Example 10: Chi-Square Test
for Independence
The goal of this example is to determine the relationship between two
categorical variables. We want to know if these two categorical variables
are independent. If not, we will further explore the relationship between
them.
For this example, the Smoking habits.sta
data set, included with the Statistica examples, is used. In this data,
observations were recorded from 50 people about their age and whether
they smoke cigarettes. With this study, we want to answer the question,
"does a significant relationship exist between a person’s age
category and smoking?" The null hypothesis is that the variables
AGEGROUP and SMOKING
are independent. A chi-square
test for independence will help to answer this question. A partial
view of the data is shown in the next image.

Open the data file Smoking habits.sta
and start the Basic Statistics module.
Following are instructions to do this from the ribbon bar and from the
classic menus:
Ribbon
bar. Select the Home tab.
In the File group, click the Open arrow and select Open
Examples to display the Open a
Statistica Data File dialog box. Smoking
habits.sta is in the Datasets
folder.
On the Statistics tab, in the
Base group, click Basic
Statistics to display the Basic Statistics and Tables
dialog box.
Classic
menus. From the File menu,
select Open Examples to display
the Open a Statistica Data File
dialog box. The data file is located in the Datasets
folder.
From the Statistics menu, select
Basic Statistics/Tables to display
the Basic
Statistics and Tables dialog box.
On the Quick tab, select Tables and banners.

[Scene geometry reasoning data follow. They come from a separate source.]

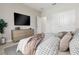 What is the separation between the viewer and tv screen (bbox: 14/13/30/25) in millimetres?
1360

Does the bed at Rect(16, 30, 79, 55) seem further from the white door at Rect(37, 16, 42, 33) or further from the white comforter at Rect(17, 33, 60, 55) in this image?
the white door at Rect(37, 16, 42, 33)

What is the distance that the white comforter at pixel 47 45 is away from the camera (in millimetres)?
1350

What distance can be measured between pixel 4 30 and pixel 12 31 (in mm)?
113

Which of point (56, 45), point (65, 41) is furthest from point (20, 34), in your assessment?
point (65, 41)

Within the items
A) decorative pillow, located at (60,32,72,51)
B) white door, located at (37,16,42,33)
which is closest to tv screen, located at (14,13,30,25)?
white door, located at (37,16,42,33)

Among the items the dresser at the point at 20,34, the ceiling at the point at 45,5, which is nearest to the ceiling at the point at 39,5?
the ceiling at the point at 45,5

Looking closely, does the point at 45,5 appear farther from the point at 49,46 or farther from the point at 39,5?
the point at 49,46

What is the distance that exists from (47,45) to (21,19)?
1.81 ft

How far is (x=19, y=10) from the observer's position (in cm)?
136

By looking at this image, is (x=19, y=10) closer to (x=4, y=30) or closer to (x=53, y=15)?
(x=4, y=30)

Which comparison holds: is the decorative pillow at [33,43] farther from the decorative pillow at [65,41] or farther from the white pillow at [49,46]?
the decorative pillow at [65,41]

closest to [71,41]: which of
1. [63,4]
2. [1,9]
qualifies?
[63,4]

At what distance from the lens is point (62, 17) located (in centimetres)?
139

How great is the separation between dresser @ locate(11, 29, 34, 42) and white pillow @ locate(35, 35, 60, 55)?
0.24 metres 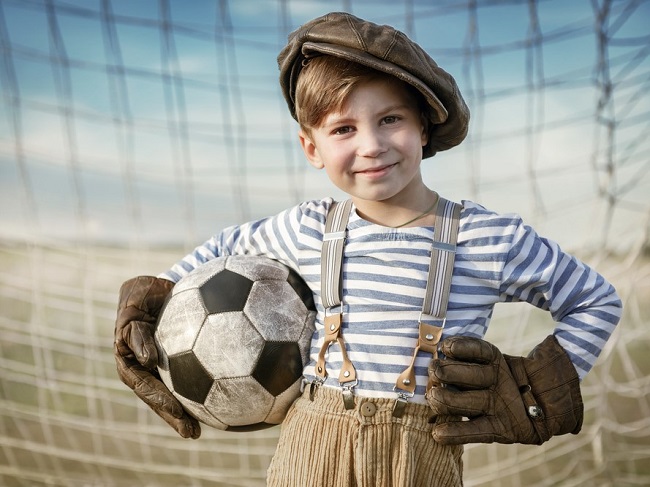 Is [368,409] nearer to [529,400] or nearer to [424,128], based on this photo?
[529,400]

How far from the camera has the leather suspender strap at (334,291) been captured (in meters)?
1.61

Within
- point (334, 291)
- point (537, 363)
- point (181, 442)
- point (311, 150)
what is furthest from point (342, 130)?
point (181, 442)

Click the OK button to display
the Crosstabulation Tables
dialog box.

Click the Specify tables (select variables)
button to display a variable selection dialog box. Select AGEGROUP
in List1 and SMOKING
in List2 as shown in the next
image.

Click OK in the variable selection
dialog box.
Click OK in the Crosstabulation
Tables dialog box to display the Crosstabulation Tables
Results dialog box. Select the Options tab.

This tab contains several statistics options from which to choose for
two-way tables. For this example, we will use the Pearson Chi-Square
test for Independence. In the Statistics
for two-way tables group box, select the Pearson
& M_L Chi-square check box.
To create the output, select the Advanced tab.

Click the Detailed two-way tables
button to create the 2-Way Summary Table
and a separate output spreadsheet containing the Pearson Chi-Square and Maximum Likelihood Chi-Square tests.

The Pearson Chi-square test
is 4.065393 with a p-value of
0.13098. Because the p-value
is greater than alpha = 0.05,
the null hypothesis (Smoking
and Age category are independent)
is not rejected. This can be interpreted by saying that a significant
relationship does not exist between a person’s smoking status and
age category.
To further explore this relationship, in the Crosstabulation
Tables Results dialog box, click the 3D
histograms button. A bivariate histogram shows the frequencies
broken down across the categories of the two variables. Although some
relationship appears to exist in the plot, namely that the age category
< 20 has fewer smokers than non-smokers, which is opposite of the relationship
in the other two categories, the statistical test did not detect a relationship.

Note that you can use the Interactive
Graphics Controls at the bottom of the graph window to rotate the
graph and/or adjust the transparency of the plot areas to view different
aspects of the plot.